Friday, April 3, 2009

Chicken Croquettes

Pin It This is, hands down, my children's, and all their friend's, favorite recipe. You can imagine how many times it has been requested ever since I mentioned I was going to do a cooking blog. It is also one of my bridge table's favorite lunch. They are rich enough to stand alone next to a nice green salad, so don't waste your time making anything else. Yes, they take time, and it takes two days to complete the process, but they are well worth it, freeze beautifully and delight everyone, including children. If you have a captive audience eager to eat your croquettes, they will volunteer to help you shape and bread them, which is the nasty part of the deal.
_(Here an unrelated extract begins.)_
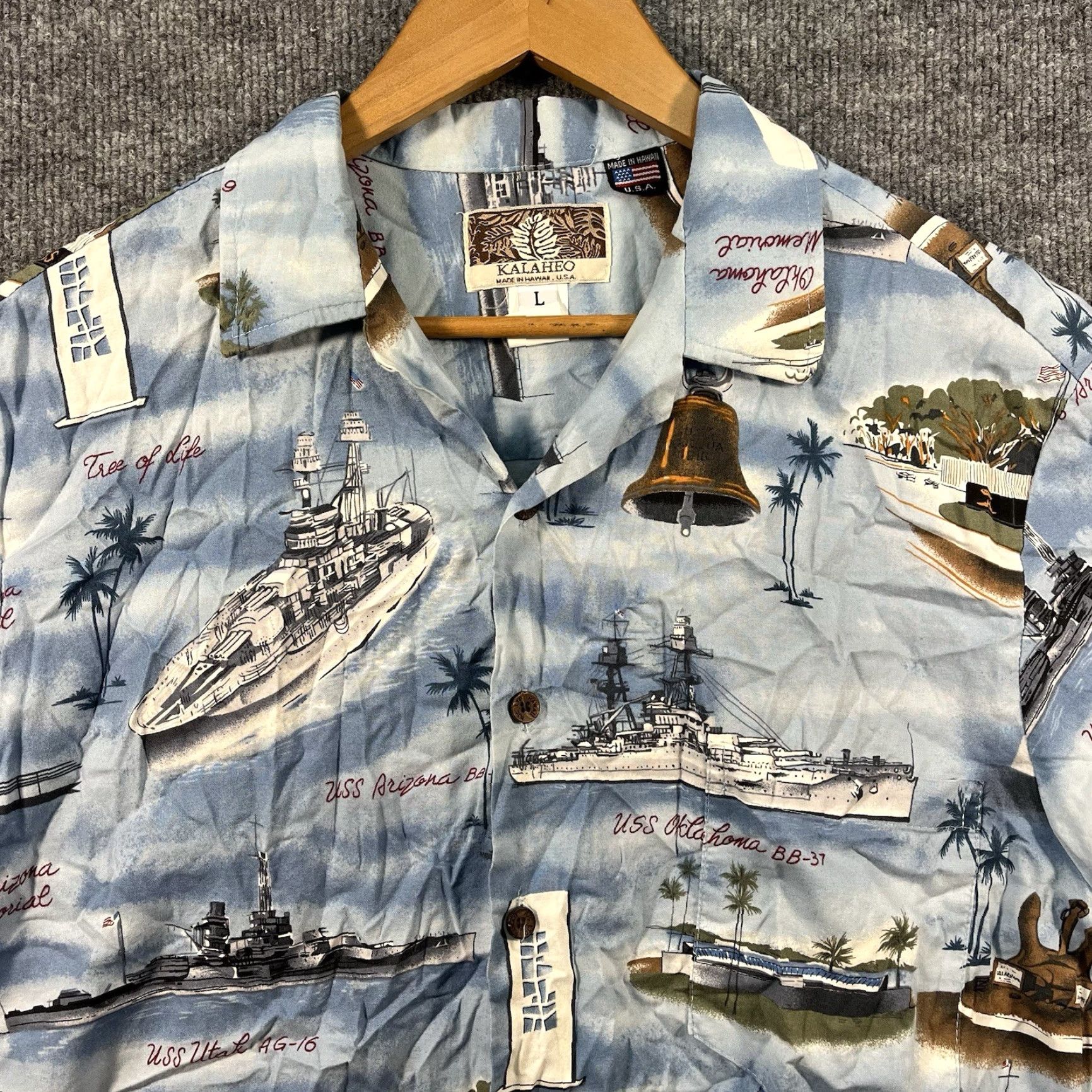 Vintage VINTAGE Kalaheo Hawaiian Shirt Mens L WW2 Pearl Harbor Memorial US Navy Battleships Graphic Print Blue Button-Up Short Sleeve Casual Shirt Size US L / EU 52-54 / 3 - 2 Thumbnail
But keep and eye on your little (and big) helpers, because as they get tired and bored, they end up shaping them like torpedoes! The original recipe is my aunt Martha's, who forgot it was her recipe until she tasted them here a few weeks ago.

1 small chicken (use white and dark meat)*
3 TB butter
1 medium onion, chopped
1 small bunch of fresh parsley, chopped
Dash Worcestershire Sauce
Juice from 1/2 lemon
2 cans evaporated milk
10-12 TB flour
Salt & Pepper
3 eggs beaten
Vegetable oil

Day 1

Remove the meat from the chicken and cut up in small pieces. If you make the croquettes from yesterday's roast chicken and only ate one leg and some of one of the breast's, you will have enough meat for this recipe. Otherwise, you can buy a small roast chicken.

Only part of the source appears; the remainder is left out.